**TASK TO COMPLETE**
Go to the line in the entries below that holds "1-ton chain hoist, fuel can" and repeat exactly from there through the line that holds "刘强东称捐物资无需汇报！京东紧急驰援香港火灾：首批物资连夜送达", inclusive.

**** RECORDED INFORMATION ****

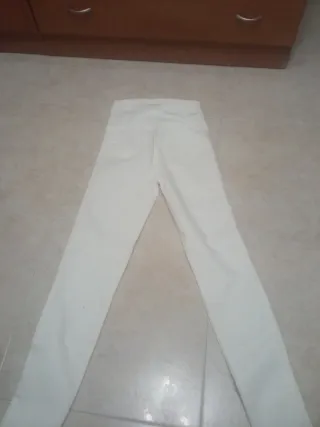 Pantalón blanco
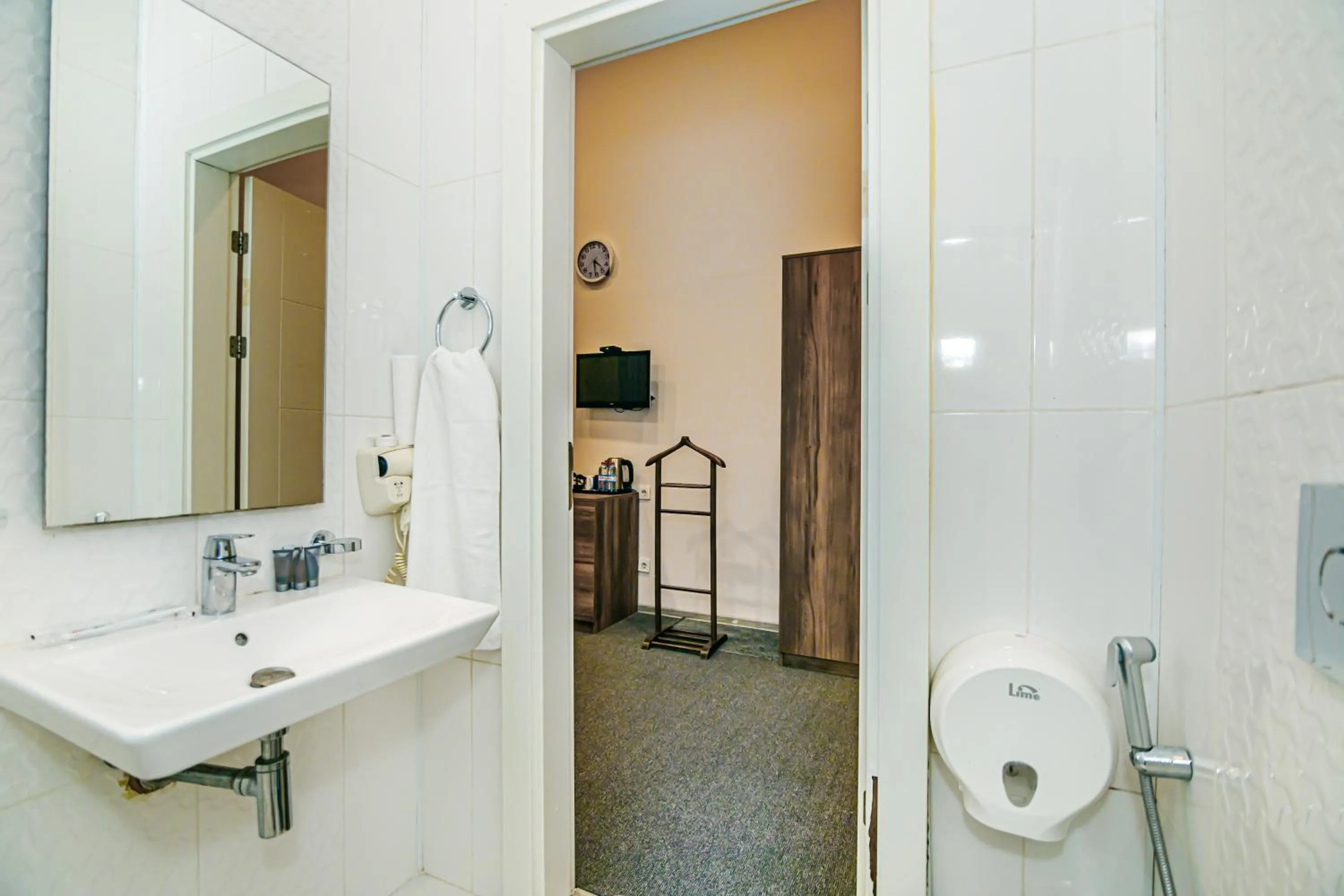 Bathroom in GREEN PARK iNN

****
**** RECORDED INFORMATION ****

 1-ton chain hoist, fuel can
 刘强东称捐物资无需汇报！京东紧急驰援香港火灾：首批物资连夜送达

****

**RESULT**
 1-ton chain hoist, fuel can
 刘强东称捐物资无需汇报！京东紧急驰援香港火灾：首批物资连夜送达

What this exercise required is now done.